楚彧低着头,下颔轻轻压在她的肩上,闷闷地道:“倘若我不是皇帝的话,到时候我便可以跟着你一起走,你去哪里,我就去哪里。”
这是他今天晚上第二次说这句话了,燕摇春有些想笑,故意道:“你不做皇帝了,岂不是变成了穷光蛋?”
楚彧没说话了,他像是在认真思索这个问题,道:“我……可以去赚银子养家。
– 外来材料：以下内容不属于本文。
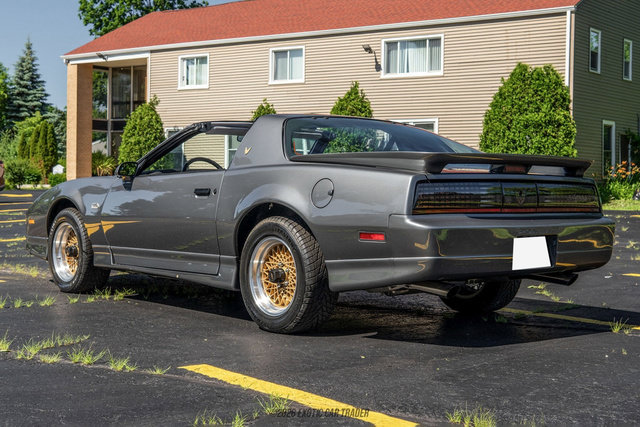 Used 1989 Pontiac Firebird Trans Am RWD image 6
”
燕摇春问他:“你会做什么?”
楚彧一下被问住,愣了好一会儿,道:“我会批折子……”
燕摇春忍笑道:“可是你都不做皇帝了,哪来的折子批?”
楚彧终于意识到一个严重的问题,他活了这么多年,从少年时起便勤学苦读,到头来除了会批折子以外,再没有别的技能,甚至不比那些走卒贩夫更有用。
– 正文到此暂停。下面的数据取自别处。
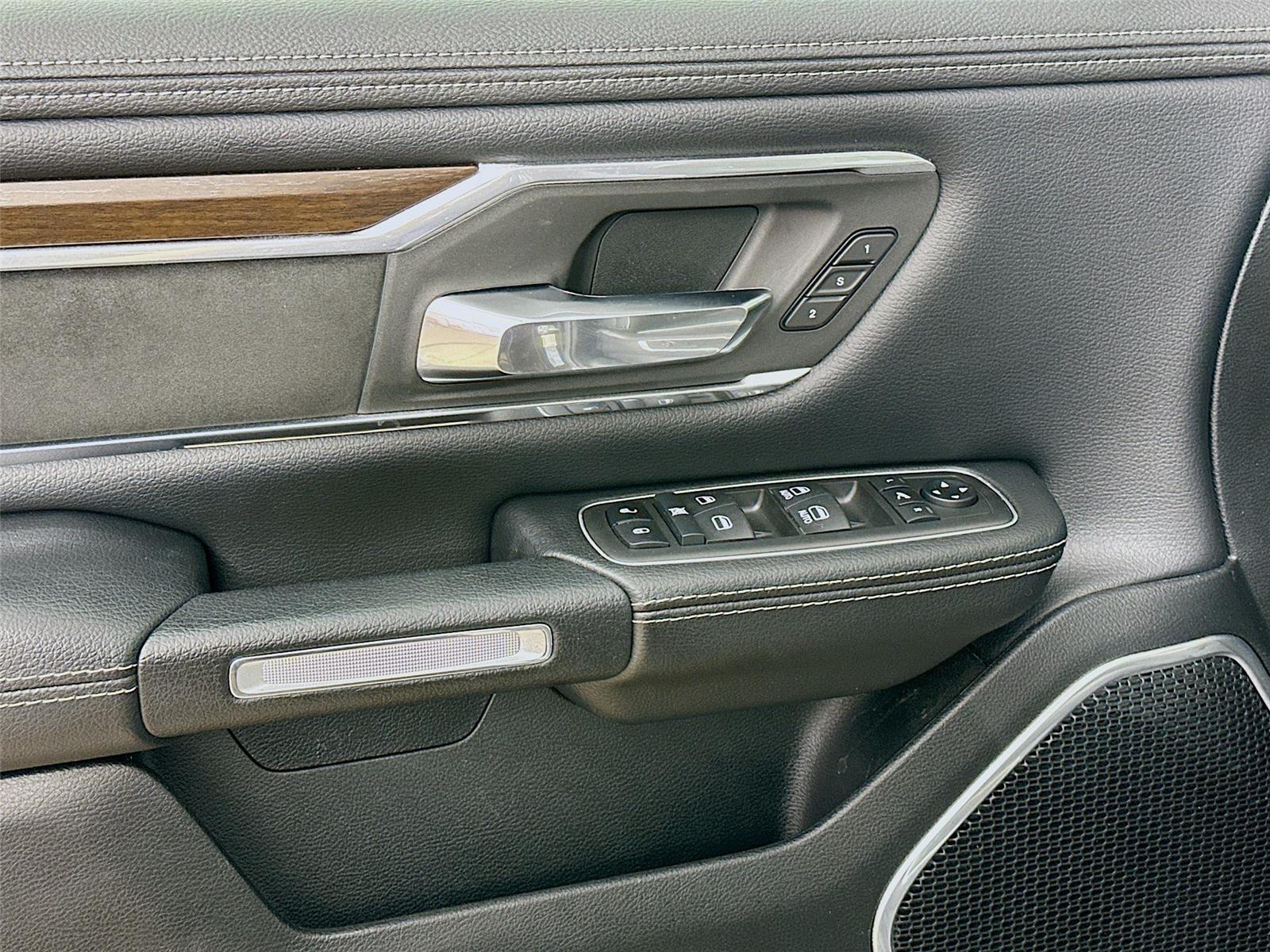 2021 Ram 1500 Laramie photo 18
楚彧顿时备受打击,整个人都沉默下来,他有些沮丧地道:“娇娇,对不起,我好像没有什么用处……”
这个语气,仿佛是在真情实感地表达自己的歉意,燕摇春快要被他笑死了,老天,平时一本正经的人说起醉话来,竟然这么可爱。
她有点好奇楚彧说这些话时的表情,但是一直被他抱着,实在不方便,于是试图退开些许,谁知才刚刚有所动作,就被对方发觉了,连忙将她紧紧抱住,八爪鱼似的,像是生怕她要离开。
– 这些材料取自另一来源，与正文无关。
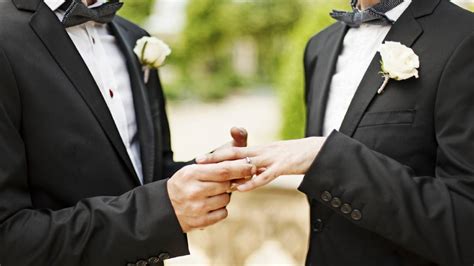 Lgbti Community Bendigo Mp Praise Parliaments Rejection Of Same Sex Marriage Plebiscite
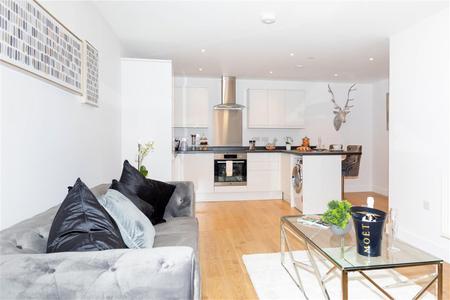 2 bedroom apartment to rent - Marketfield Way, Redhill, Surrey, RH1 - Property View 3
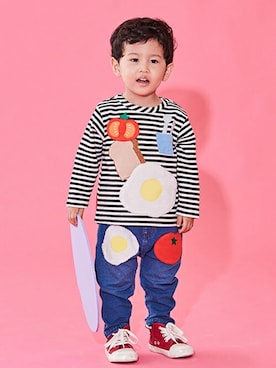 「赤スニーカー」｜kladskap　クレードスコープさん（キッズ・88cm）の秋コーディネート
燕摇春有些哭笑不得,忍不住逗他道:“既然如此,你还是继续做皇帝好了,我以后有空就回来看看你。”
楚彧想也不想,便反驳道:“不行。”
燕摇春明知故问:“为什么不行?”
楚彧很执着地道:“我不能和你分开。”
燕摇春道:“分开又会怎么样呢?”
楚彧认真道:“我不知道。”
“不知道?”
“嗯,”楚彧的声音放轻了些许,道:“因为我没想过,不敢想。”
燕摇春呼吸微滞,楚彧继续道:“你让我跟着你吧?我虽然没什么本事,但是我会努力,我……我看了不少书,可以去做教书先生,也可以做账房先生,对了,我很擅长算数,你从前不是说,我做出来的算盘很好用吗?”
他越说越觉得自己天生就是做账房的料,这世上再没有比他更合适的账房先生了,燕摇春有些哭笑不得,道:“账房先生和皇帝也差太远了吧,何况,你离开了皇宫,你的那些妃子们怎么办呢?”
楚彧道:“既然我都不做皇帝了,她们自然也不会是我的妃子,各自归家便是,她们爱去哪里,就去哪里,我只要娇娇一个人。”